• [Records from a dataset]
● ● ●

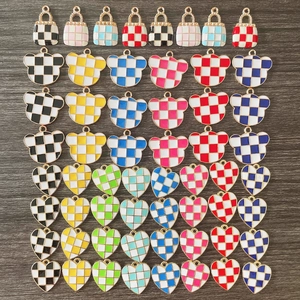 Checkerboard Colorful Alloy Enamel Pendants Heart Bear Handbag Charms For DIY Jewelry Making Necklace Earrings Accessories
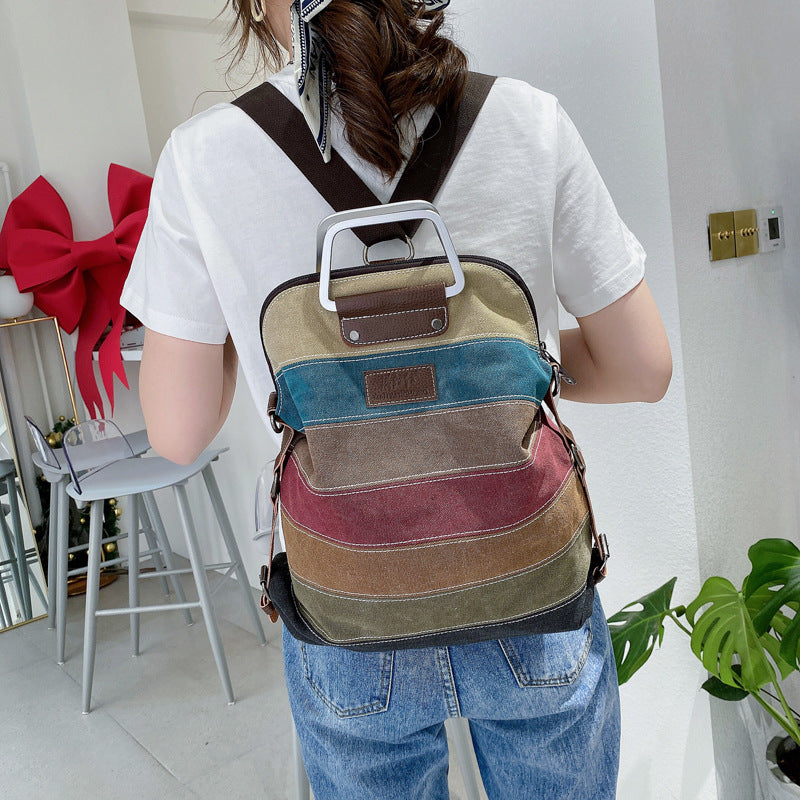 Stripe Contrast Color Canvas Fashion Retro Backpacks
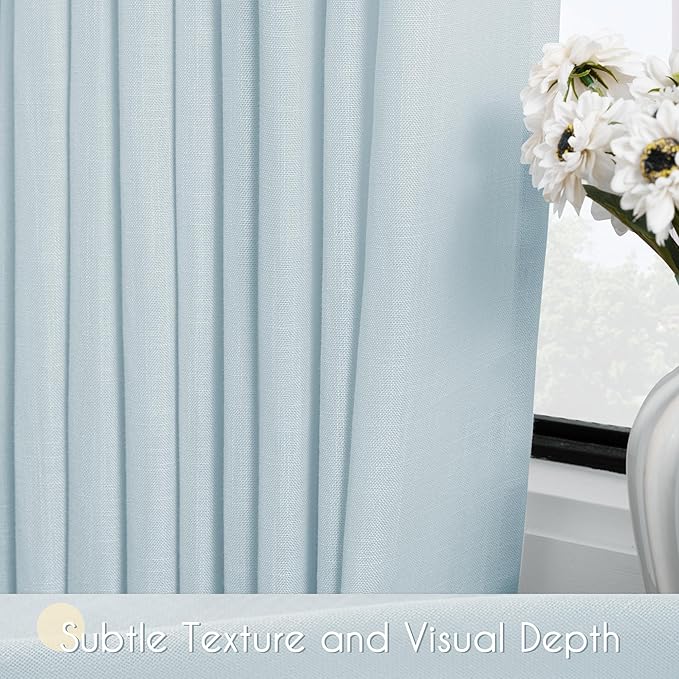Sky Blue Curtains 84 inch Length for Bedroom Back Tab Light Filtering Semi Sheer Blue Living Room Curtains Linen Cotton Textured Drapery Panel Aesthetic Decor Light Blue 52x84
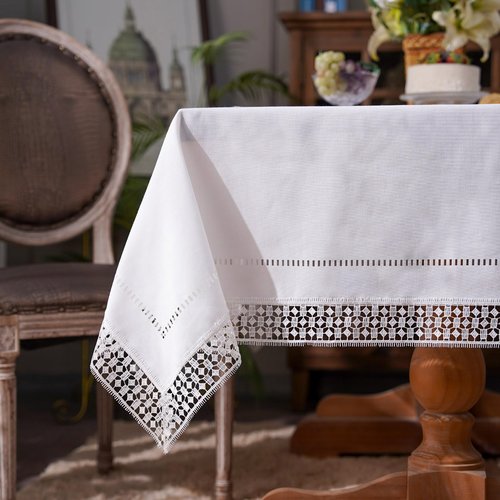 ARTABLE LaceTablecloths with Exquisite Macrame Border Embroidered Kitchen Holidays Fabric Tablecloth(Offwhite-1, 55 x 94 Inch)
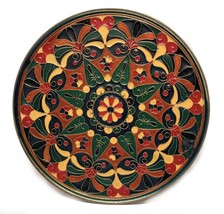 Vintage Moroccan Cloisonne On Brass Enameled Wall Hanging Floral Plaque ... - £23.33 GBP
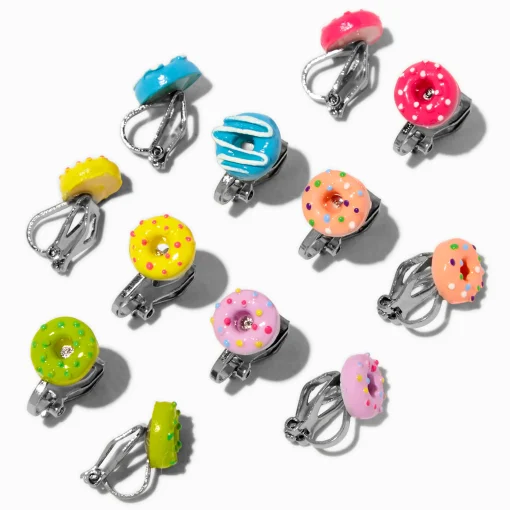 Frosted Donuts Clip-On Stud Earrings - 6 Pack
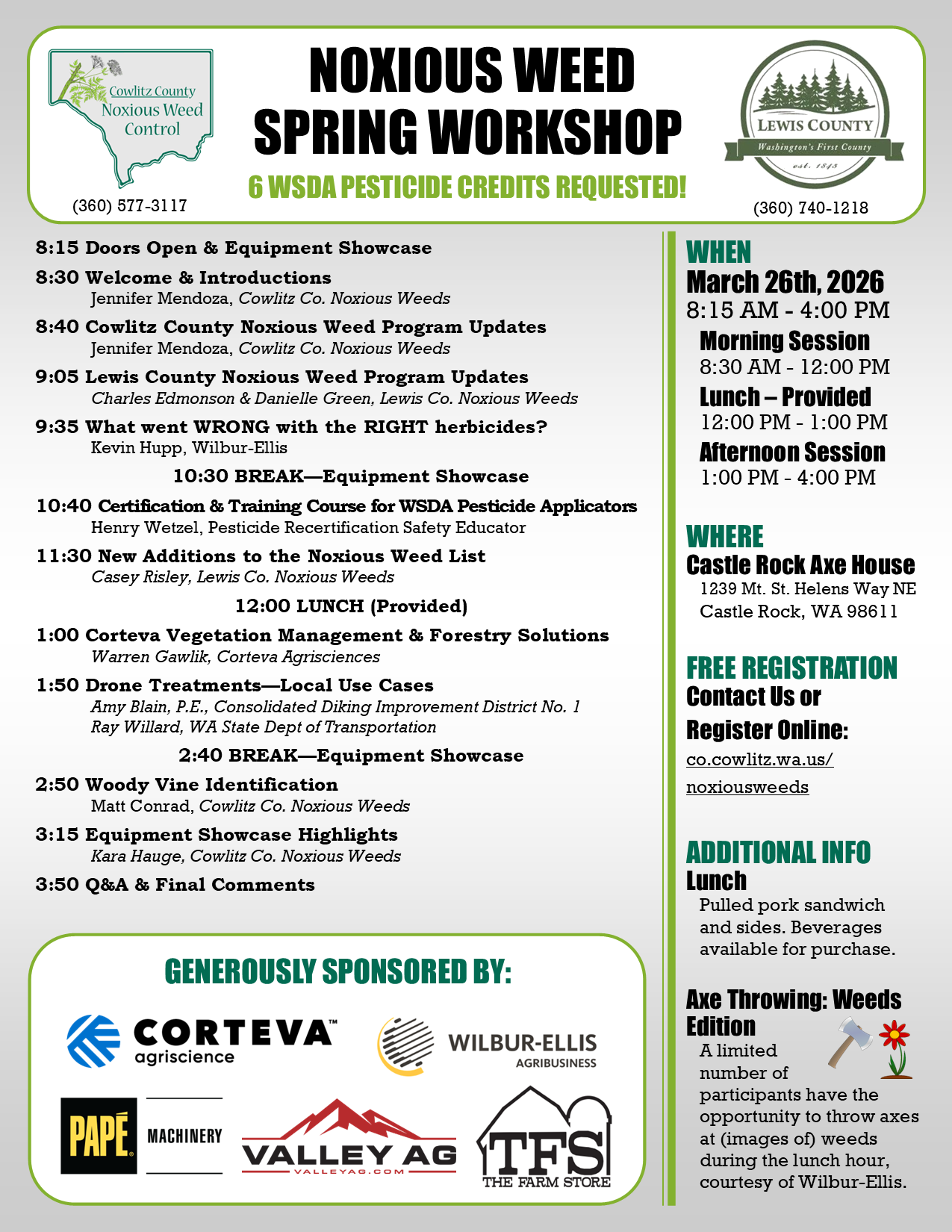 2026 Cowlitz and Lewis County Noxious Weed Spring Workshop Agenda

● ● ●

• [What you will do] With pictures excluded, the lines running from the one containing "Stripe Contrast Color" through the last line of the records above are to be restated exactly and in full.

• [Solution to the exercise]
 Stripe Contrast Color Canvas Fashion Retro Backpacks
Sky Blue Curtains 84 inch Length for Bedroom Back Tab Light Filtering Semi Sheer Blue Living Room Curtains Linen Cotton Textured Drapery Panel Aesthetic Decor Light Blue 52x84
 ARTABLE LaceTablecloths with Exquisite Macrame Border Embroidered Kitchen Holidays Fabric Tablecloth(Offwhite-1, 55 x 94 Inch)
 Vintage Moroccan Cloisonne On Brass Enameled Wall Hanging Floral Plaque ... - £23.33 GBP
 Frosted Donuts Clip-On Stud Earrings - 6 Pack
 2026 Cowlitz and Lewis County Noxious Weed Spring Workshop Agenda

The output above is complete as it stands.